If you have type 2 diabetes (T2D), you are at greater risk of developing kidney disease, a serious illness. In fact, diabetes is a leading cause for developing kidney disease. Have you found out if you are at risk for kidney disease?

In the United States, 37 million adults are estimated to have kidney disease but only about 10 percent are diagnosed. That means millions and millions of adults in the United States are walking around with kidney disease and don’t even know it. To make matters worse, one in every three adults in the country are at risk of developing kidney disease in the future. 

Should I really care about kidney disease?

Type 2 diabetes is a leading cause of kidney failure, and if your kidneys fail, you will need dialysis or a kidney transplant to survive. People with kidney disease and type 2 diabetes are three times more likely to die from a heart attack or stroke than patients with type 2 diabetes alone. The fact is kidney disease is a dangerous comorbidity to T2D.

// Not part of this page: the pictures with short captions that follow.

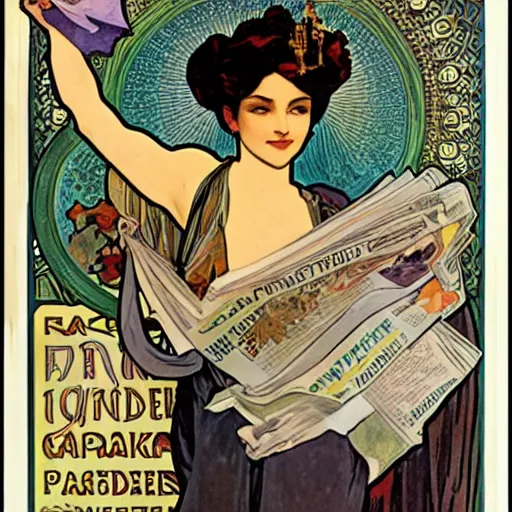 Image similar to The goddess of Fake News holding newspapers with fake headlines, poster by Alphonse Mucha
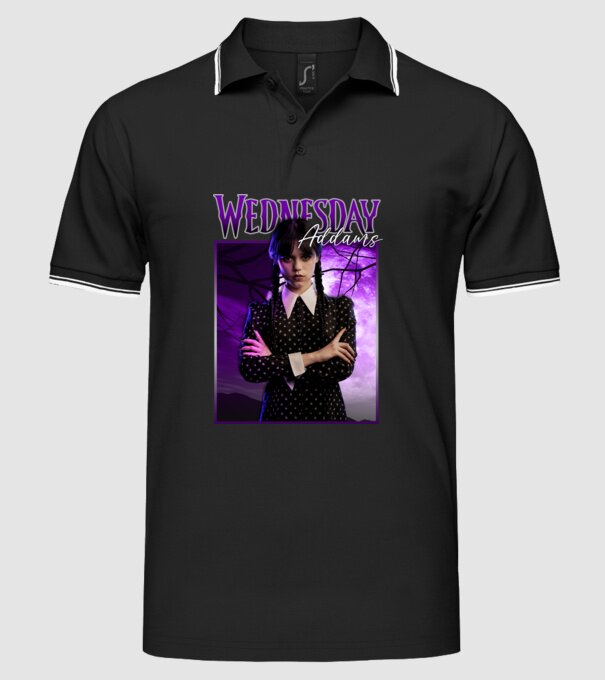 Wednesday Addams model negru pe tricou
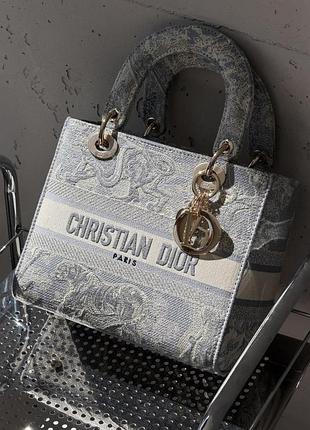 Жіноча сумка christian dior lady d-lite блакитний тигр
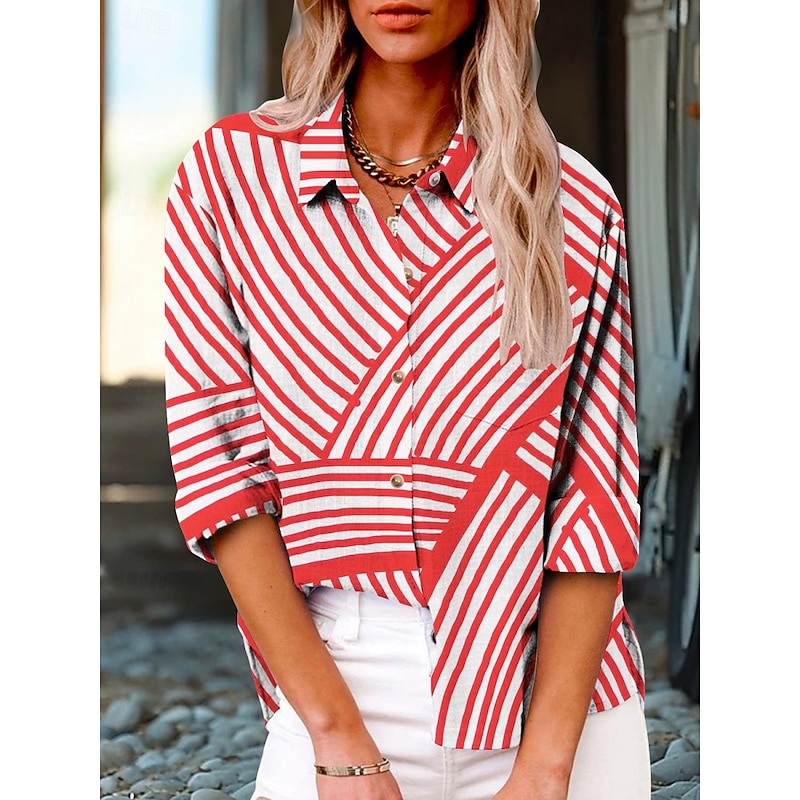 Women's Shirt Striped Active Daily Stylish Long Sleeve Shirt Collar Regular Tops Daily Holiday Buttons Print Red Summer Spring Fall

The earlier you discover kidney disease, the better chance you have for the best prognosis. Early diagnosis and intervention are critical to try to slow the progression of the disease. For those of you living with type 2 diabetes, you need to know if you have kidney disease before the disease does further damage to your important organs.

What is type 2 diabetes?

Type 2 diabetes is a disease in which your body cannot regulate sugar. It occurs if your body cannot use insulin very well. Insulin is a hormone that controls how much sugar is in your blood.  A high blood sugar level can cause all sorts of problems in your body, including damaging your kidneys.

Diabetes cannot be cured, but it can be well managed with diet, exercise, and medications. Of course, many people live long, active lives with diabetes.  

What should you do?

Take the quiz to understand your risk of kidney disease. Then talk to your doctor about kidney disease and ask how often you are tested. You should be tested for kidney disease every year.   


  • Home monitoring of your blood glucose levels;
  • Maintaining an awareness of controlling your blood pressure, and possibly monitoring your pressure at home; and
  • Following your special diet.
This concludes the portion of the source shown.